• _WORK REQUEST_
The listing below holds a line with "Smiling woman eating salad" and a line with "Standard Double Room". Reproduce those two lines exactly, plus everything between them.

• _SOURCE INFORMATION_
BEGIN

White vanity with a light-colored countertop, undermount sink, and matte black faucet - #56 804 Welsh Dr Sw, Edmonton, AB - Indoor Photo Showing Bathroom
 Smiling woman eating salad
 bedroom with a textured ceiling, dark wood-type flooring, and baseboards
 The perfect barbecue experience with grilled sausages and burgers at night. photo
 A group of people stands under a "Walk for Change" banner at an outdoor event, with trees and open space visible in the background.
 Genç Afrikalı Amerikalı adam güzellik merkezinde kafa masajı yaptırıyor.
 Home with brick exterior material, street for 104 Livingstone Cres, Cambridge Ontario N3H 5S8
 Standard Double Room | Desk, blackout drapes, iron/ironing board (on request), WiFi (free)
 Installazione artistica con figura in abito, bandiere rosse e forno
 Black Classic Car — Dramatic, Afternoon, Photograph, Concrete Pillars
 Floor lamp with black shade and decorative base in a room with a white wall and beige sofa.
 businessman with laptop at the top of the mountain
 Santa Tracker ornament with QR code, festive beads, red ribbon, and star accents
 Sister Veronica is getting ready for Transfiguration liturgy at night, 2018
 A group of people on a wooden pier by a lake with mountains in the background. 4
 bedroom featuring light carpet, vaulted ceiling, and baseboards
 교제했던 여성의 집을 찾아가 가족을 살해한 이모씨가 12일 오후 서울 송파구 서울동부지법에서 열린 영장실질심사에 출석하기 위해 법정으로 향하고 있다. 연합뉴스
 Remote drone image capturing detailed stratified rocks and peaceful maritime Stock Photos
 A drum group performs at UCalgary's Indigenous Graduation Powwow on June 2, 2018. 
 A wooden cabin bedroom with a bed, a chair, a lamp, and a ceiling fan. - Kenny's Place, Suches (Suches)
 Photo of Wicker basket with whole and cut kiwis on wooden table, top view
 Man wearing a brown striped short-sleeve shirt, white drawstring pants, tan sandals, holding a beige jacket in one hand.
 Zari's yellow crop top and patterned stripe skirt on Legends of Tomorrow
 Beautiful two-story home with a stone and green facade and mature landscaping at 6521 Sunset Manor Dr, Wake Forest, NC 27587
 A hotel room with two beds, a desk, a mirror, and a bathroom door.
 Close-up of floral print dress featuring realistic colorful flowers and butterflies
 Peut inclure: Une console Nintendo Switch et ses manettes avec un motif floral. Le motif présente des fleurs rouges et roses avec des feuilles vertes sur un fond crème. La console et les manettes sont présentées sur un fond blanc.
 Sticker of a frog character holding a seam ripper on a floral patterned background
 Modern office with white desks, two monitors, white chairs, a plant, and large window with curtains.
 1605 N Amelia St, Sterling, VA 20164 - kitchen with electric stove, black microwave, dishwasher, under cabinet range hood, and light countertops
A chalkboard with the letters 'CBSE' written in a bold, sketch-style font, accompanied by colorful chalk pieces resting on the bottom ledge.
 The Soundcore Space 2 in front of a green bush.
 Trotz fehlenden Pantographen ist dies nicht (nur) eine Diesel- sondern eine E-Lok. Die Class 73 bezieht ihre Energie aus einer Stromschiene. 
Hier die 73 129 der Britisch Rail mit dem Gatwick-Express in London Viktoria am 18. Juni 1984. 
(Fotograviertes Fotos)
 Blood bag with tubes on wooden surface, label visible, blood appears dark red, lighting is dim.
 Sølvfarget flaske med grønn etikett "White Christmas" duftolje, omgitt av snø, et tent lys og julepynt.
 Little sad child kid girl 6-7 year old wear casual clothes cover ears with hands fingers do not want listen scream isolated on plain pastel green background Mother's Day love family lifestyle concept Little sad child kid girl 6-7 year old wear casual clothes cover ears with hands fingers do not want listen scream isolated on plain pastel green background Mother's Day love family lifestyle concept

END

• _COMPLETED TASK_
 Smiling woman eating salad
 bedroom with a textured ceiling, dark wood-type flooring, and baseboards
 The perfect barbecue experience with grilled sausages and burgers at night. photo
 A group of people stands under a "Walk for Change" banner at an outdoor event, with trees and open space visible in the background.
 Genç Afrikalı Amerikalı adam güzellik merkezinde kafa masajı yaptırıyor.
 Home with brick exterior material, street for 104 Livingstone Cres, Cambridge Ontario N3H 5S8
 Standard Double Room | Desk, blackout drapes, iron/ironing board (on request), WiFi (free)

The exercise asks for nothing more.